======== PROVIDED MATERIAL
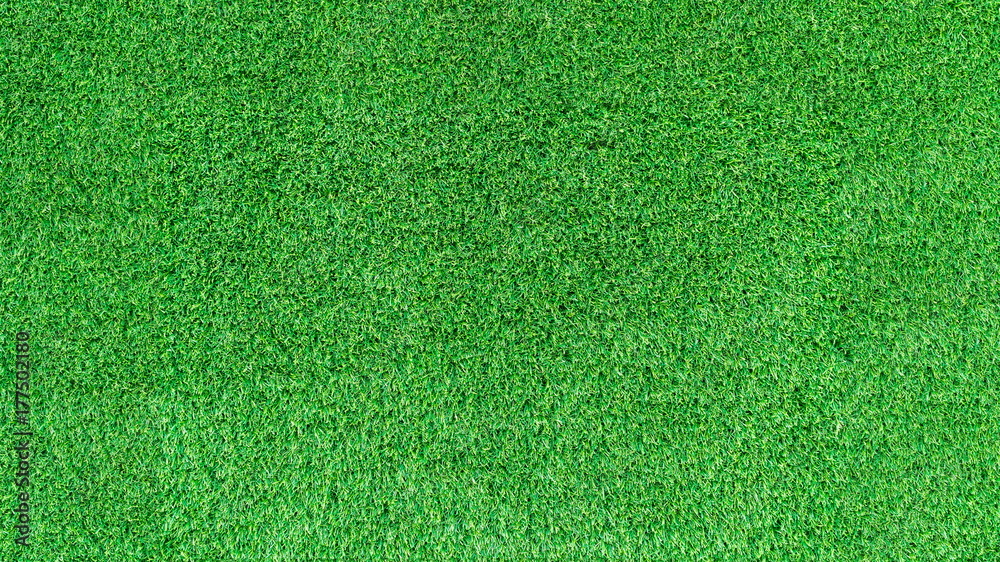 Artificial green grass texture or green grass background for golf course.  soccer field or sports background concept design. Stock Photo | Adobe Stock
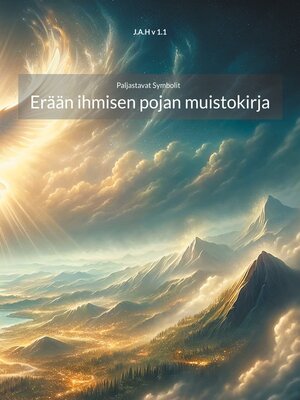 cover image of Erään ihmisen pojan muistokirja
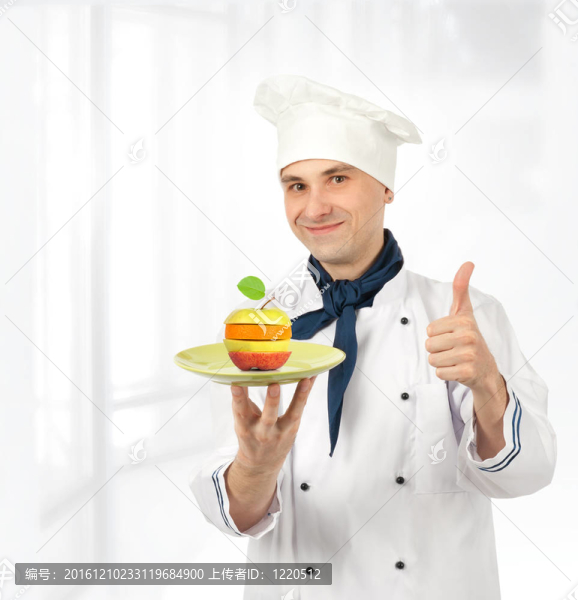 什錦水果男廚師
================
GOAL OF THE EXERCISE | All of the data must be given again exactly, without the pictures.

RESULT BELOW |
 Artificial green grass texture or green grass background for golf course.  soccer field or sports background concept design. Stock Photo | Adobe Stock
 cover image of Erään ihmisen pojan muistokirja
 什錦水果男廚師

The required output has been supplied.